Parenting Styles: Attachment Parenting
Posted on: September 6, 2019.

This article informs you what Attachment Parenting (AP) is, how it came to be, its typical characteristics, the various experiences shared by mothers about AP, and the view and opinions on the pros and cons of this style of parenting, shared by mothers of different geographies and occupations…

It was in the 1980s that a healthcare industry couple, Mr. William Sears, a paediatrician, and his wife, a registered nurse, co-developed “Attachment Parenting” based on the principle that a child would, inarguably, benefit from loving parental interaction. The Attachment Parenting Book authored by Mr. Sears, states: “Babies who are deprived of secure attachment do not grow well. They seem sad. It’s as if they’ve lost their joy of living.”

Modern life, misguided experts, and selfishness. These three strong influencers result in children getting emotionally detached from their parents. Thus, attachment needs to be consciously—and conscientiously—rebuilt by the parents. Contrastingly, being “caring and empathetic” were typical characteristics noted in children reared in the AP style of parenting.

Attachment is, “a special bond… the mother feels complete only when she is with her baby”. Parents and children can develop a nurturing connection with each other, and that is the focus of AP. It is essential for children to be raised feeling secure, independent, and emphatic, and the ideal way to do this is nurturing connection. This, furthermore, also forms the basis for secure relationships and independence as adults.

Characteristic practices in AP typically includes “baby-wearing” (carrying your baby in a sling or holding them as much as possible), “co-sleeping” (sharing the parental bed with your baby), and always responding to your baby’s cry, no matter how tired you are.

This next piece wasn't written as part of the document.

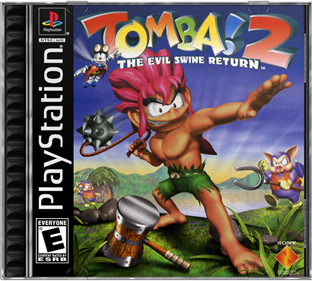 Tomba! 2: The Evil Swine Return - Box - Front - Reconstructed (North America) - 687x617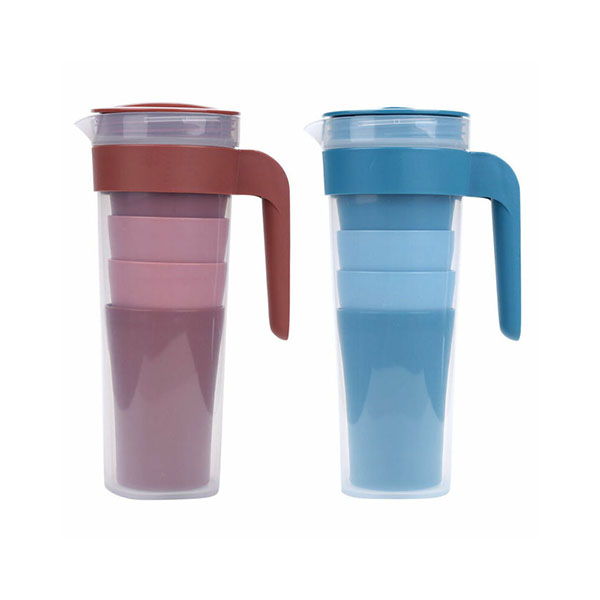 Water pitcher with 4cups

Following are the “7 Baby B’s” put forward by Mr. Sears:

  1. Birth Bonding: For adopted children, foster kids, and infants in intensive care to learn to form healthy relationships as adults later in life, bonding with them at birth is indispensable.
  2. Breastfeeding: Benefits both mother and baby, by producing increased levels of the mother’s “bonding” hormones, prolactin and oxytocin.
  3. Bedding close to baby: With co-bedding or parental bed-sharing, parents comfort and emotionally soothe the child during the night. However, the American Academy of Paediatrics currently advises against this, as it may increase the risk of a terrible syndrome called SIDS.
  4. Belief in the language-value of your baby’s cry: Strongly advises parents to not let babies “cry it out”, but rather, respond parentally to their babies’ cries.
  5. Beware of Baby Training: Discredits “convenience” parenting, which puts a parent’s ease and convenience above an infant’s feeding cues or emotional bonding needs.
  6. Balance: Strongly advices parents to balance parenting, marriage, and their own health and emotional needs.

McHale, a full-time mother, discovered attachment parenting in 2007, when her first daughter was born. “She wouldn’t go down [to sleep] and I researched baby-wearing and found it soothed her.”

Julie, Sylvie and Martha are members of an AP group in north London, whose loving bond with their babies is obvious. For Martha, who did not have a close relationship with her parents, AP helped form attachments with other people. For Julie, who co-sleeps with her eight-month-old son, it was because she likes hearing him breathe and knowing he’s safe. For Sylvie, it was simply because the alternative was undesirable to her.

For Dr. Amy Tuteur, obstetrician-gynaecologist and a mother of four, “There is nothing wrong with wanting to be around your children. But there is something very wrong with making your children your identity. That is not healthy for anyone, and it appears we are raising a generation that is helpless—‘their mother did everything for them, because that was her identity’.”